# Fine-tuning Transformers model for correct first page prediction

This notebook covers one of the approaches to training a model for predicting whether a page of the document is the first one or not -- a feature that would allow correct splitting for PDFs that consist of more than one actual document (we assume that the pages are already sorted). The approach used is fine-tuning Transformers model (BERT) with our document-related dataset.

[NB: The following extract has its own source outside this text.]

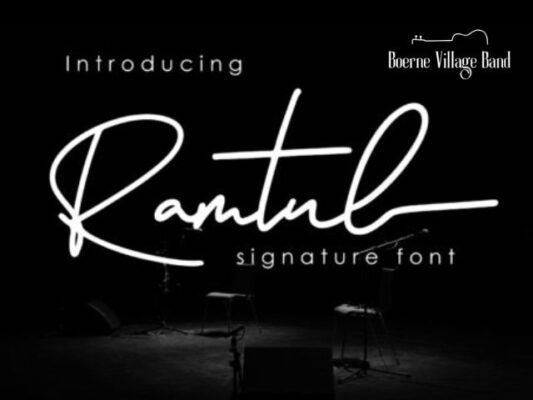 Ramtul - Signature Font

Before you start, make sure you have **installed** and **initialized** the konfuzio_sdk package as shown in the readme of the [repository](https://github.com/konfuzio-ai/Python-SDK).

In [None]:
!pip install konfuzio-sdk

In [None]:
!konfuzio_sdk init

Also, you will need to install the Transformers-related packages:

In [None]:
!pip install transformers datasets

Importing necessary libraries and packages:

In [1]:
import os
import torch

import numpy as np
import pandas as pd

from datasets import load_dataset, load_metric
from nltk import word_tokenize
from konfuzio_sdk.data import Project
from tqdm import tqdm
from transformers import BertTokenizer, AutoModelForSequenceClassification, AutoConfig, \
                        TrainingArguments, DataCollatorWithPadding, Trainer

Setting seed for reproducibility purposes:

In [2]:
seed_value = 42
os.environ['PYTHONHASHSEED'] = str(seed_value)

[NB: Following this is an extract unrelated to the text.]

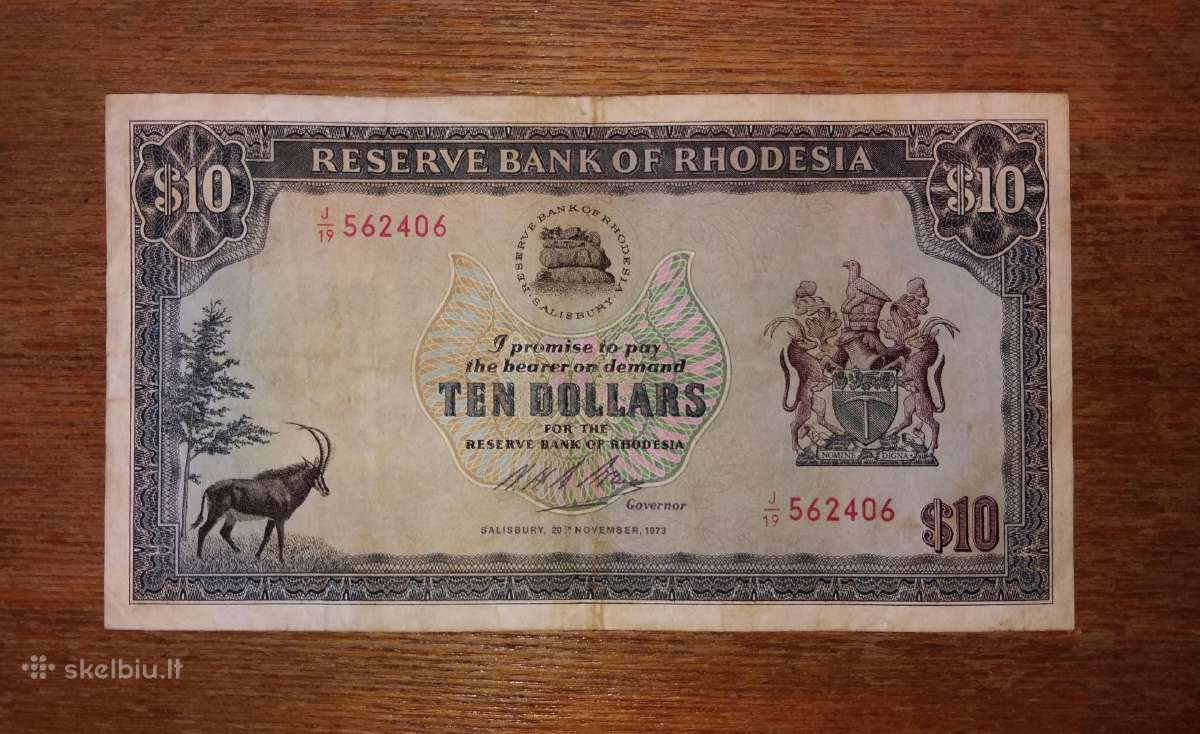Rodežos 10 $ banknotas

Initializing the config file, model and the tokenizer:

In [10]:
configuration = AutoConfig.from_pretrained('bert-base-uncased')
configuration.num_labels = 2

In [11]:
model = AutoModelForSequenceClassification.from_pretrained('bert-base-uncased', config=configuration)
tokenizer = BertTokenizer.from_pretrained('bert-base-uncased', do_lower_case=True, max_length=10000, 
                                          padding="max_length", truncate=True)

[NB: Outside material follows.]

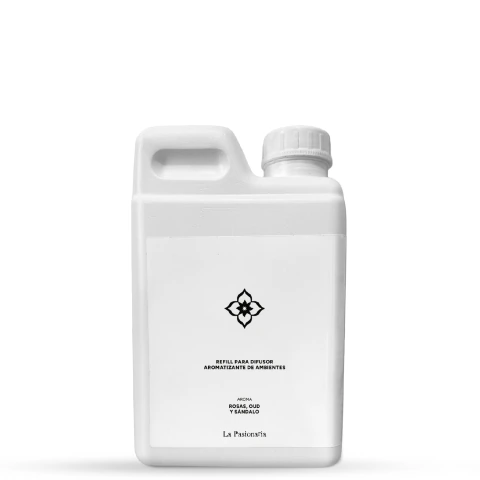 ROSAS, OUD Y SÁNDALO - REFILL AROMA PARA DIFUSOR 1000 ML.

Some weights of the model checkpoint at bert-base-uncased were not used when initializing BertForSequenceClassification: ['cls.predictions.transform.dense.weight', 'cls.predictions.bias', 'cls.predictions.transform.LayerNorm.bias', 'cls.seq_relationship.bias', 'cls.predictions.transform.LayerNorm.weight', 'cls.predictions.decoder.weight', 'cls.predictions.transform.dense.bias', 'cls.seq_relationship.weight']
- This IS expected if you are initializing BertForSequenceClassification from the checkpoint of a model trained on another task or with another architecture (e.g. initializing a BertForSequenceClassification model from a BertForPreTraining model).
- This IS NOT expected if you are initializing BertForSequenceClassification from the checkpoint of a model that you expect to be exactly identical (initializing a BertForSequenceClassification model from a BertForSequenceClassification model).
Some weights of BertForSequenceClassification were not initialized from the model checkpoint at

Loading the project 1644's documents and creating a .csv dataset for usage with Transformers-native Dataset class:

In [3]:
my_project = Project(id_=1644)
train_data = my_project.documents
test_data = my_project.test_documents

In [4]:
train_data_texts = []
train_data_labels = []

for doc in tqdm(train_data):
    for page in doc.pages():
        train_data_texts.append(page.text)
        if page.number == 1:
            train_data_labels.append(1)
        elif page.number != 1 and int(page.number):
            train_data_labels.append(0)
        else:
            print(page.number)

100%|██████████████████████████████████████| 1443/1443 [00:02<00:00, 614.22it/s]


In [5]:
test_data_texts = []
test_data_labels = []

for doc in tqdm(test_data):
    for page in doc.pages():
        test_data_texts.append(page.text)
        if page.number == 1:
            test_data_labels.append(1)
        elif page.number != 1 and int(page.number):
            test_data_labels.append(0)
        else:
            print(page.number)

100%|████████████████████████████████████████| 286/286 [00:00<00:00, 629.91it/s]


In [13]:
tokenized_train = tokenizer(train_data_texts)

In [25]:
train_df = pd.DataFrame({'text': train_data_texts, 'label': train_data_labels})
train_df.to_csv('train_1644.csv')

In [15]:
tokenized_test = tokenizer(test_data_texts)

In [26]:
test_df = pd.DataFrame({'text': test_data_texts, 'label': test_data_labels})
test_df.to_csv('test_1644.csv')

In [27]:
tokenized = load_dataset('csv',
                      data_files={'train': 'train_1644.csv',
                                 'test': 'test_1644.csv'})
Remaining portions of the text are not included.